In Györffy's paper Minimum-distortion pointed-polar projections for world maps by applying graticule transformation, it says "It can be proved that the minimum-distortion pseudocylindrical projections have a true-scale central meridian" and then cites Györffy's earlier paper Some Remarks on the Question of Pseudocylindrical Projections with Minimum Distortions for World Maps, which unfortunately I can't access.

I'd like to know what this minimum-distortion pseudocylindrical projection looks like and how Györffy arrived at this result. Does anyone have access to this paper, and if so, would you be happy to share it?

[Atarimaster]

I'd like to know what this minimum-distortion pseudocylindrical projection looks like and how Györffy arrived at this result. Does anyone have access to this paper, and if so, would you be happy to share it?

Regrettably, I don’t have the paper but regarding the appearance: Earlier in Minimum distortion pointed-polar projections Györffy says:
“pseudocylindrical with minimized distortion, labelled as ‘version (c)’ later, formulae in Györffy, 2016, p. 264”.
So I think that the projection he refers to in your quote is the Györffy C.

Kind regards,
Tobias

[Milo]

Minimum distortion according to which metric?

Also, "true-scale central meridian": doesn't that just mean the sinusoidal projection? Unless I'm misunderstanding what "true scale" means, that should be the only one.

[PeteD]

So I think that the projection he refers to in your quote is the Györffy C.

OK, but Györffy C is constrained to have true scale along the central meridian by setting c₅ = 1, c₆ = 0 and c₇ = 0, whereas Györffy says he's proved that minimizing distortion in pseudocylindrical projections gives true scale along the central meridian. I'd be very interested in seeing this proof.

[PeteD]

Minimum distortion according to which metric?

Presumably the Airy–Kavrayskiy criterion.

Also, "true-scale central meridian": doesn't that just mean the sinusoidal projection?

I think he means true scale along the central meridian but not necessarily perpendicular to it, so any projection where x = 0 and y = phi along the central meridian: Apian II, Eckert III and V, Winkel I and II, Wagner III and VI, Kavrayskiy VII etc.

[mapnerd2022]

On a related note, what criterion/which metric did John Snyder use when he made his two minimum-error pseundocylindricals?

[Milo]

I think he means true scale along the central meridian but not necessarily perpendicular to it,

Ah right.
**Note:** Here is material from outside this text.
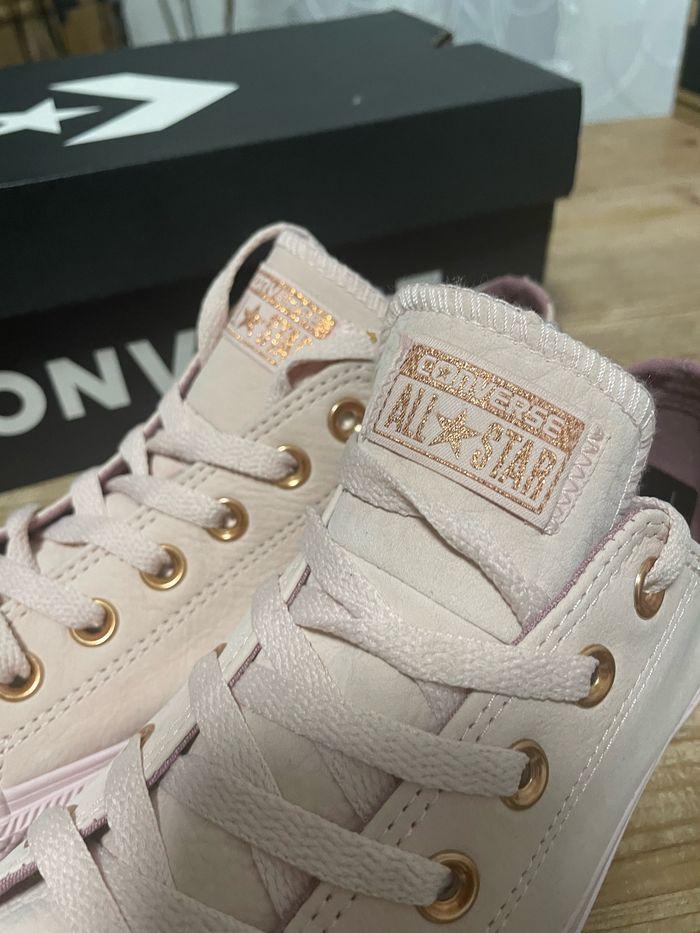 Converses roses en cuir suede taille 40 neuve avec étiquette et boîte - photo numéro 4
The sinusoidal projection would be the only equal-area one meeting that criterion (and preserving scale both along and perpendicular to the central meridian would necessarily result in an equal-area projection), but in principle anything between sinusoidal and equirectangular could work as a compromise projection.

[rschmunk]

Regrettably, I don’t have the paper but regarding the appearance: Earlier in Minimum distortion pointed-polar projections Györffy says:
“pseudocylindrical with minimized distortion, labelled as ‘version (c)’ later, formulae in Györffy, 2016, p. 264”.
So I think that the projection he refers to in your quote is the Györffy C.
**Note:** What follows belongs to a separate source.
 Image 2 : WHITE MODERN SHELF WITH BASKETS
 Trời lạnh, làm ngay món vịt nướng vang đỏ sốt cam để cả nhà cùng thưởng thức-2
Györffy (2016) present equations for six sample projections, progressing from higher values of his overall distortion parameter E_K² down to the lowest. The sixth and final of these, which appears on page 264 is indeed the Györffy (c).

[PeteD]

Györffy (2016) present equations for six sample projections, progressing from higher values of his overall distortion parameter E_K² down to the lowest. The sixth and final of these, which appears on page 264 is indeed the Györffy (c).
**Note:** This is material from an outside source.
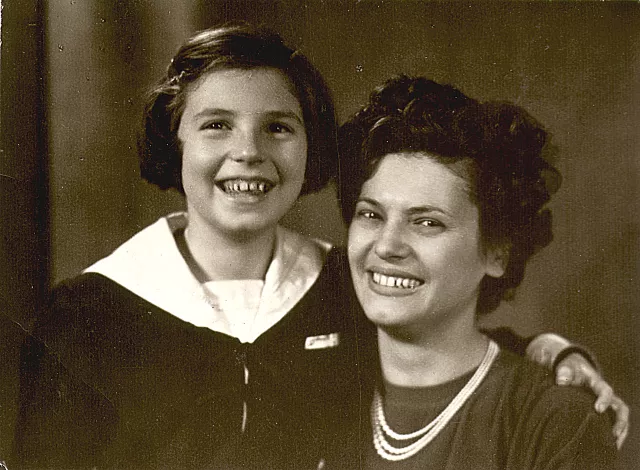 Zinner Endréné a lányával, Judittal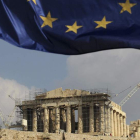 El Partenón en la Acrópolis de Atenas con una bandera de la Unión Europea.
Thanks for the confirmation.

[PeteD]

On a related note, what criterion/which metric did John Snyder use when he made his two minimum-error pseundocylindricals?

I don't know, but from the skinny Africa, it looks more Airy than Airy-Kavrayskiy to me. Deakin definitely used the Airy criterion for his minimum-error equal-area pseudocylindrical, which looks fairly similar, though he fixed the axial ratio at 2, which means Africa doesn't get quite as skinny as in Snyder's projections.

I'd be very interested if anyone knows the answer or can provide formulae for Snyder's projections.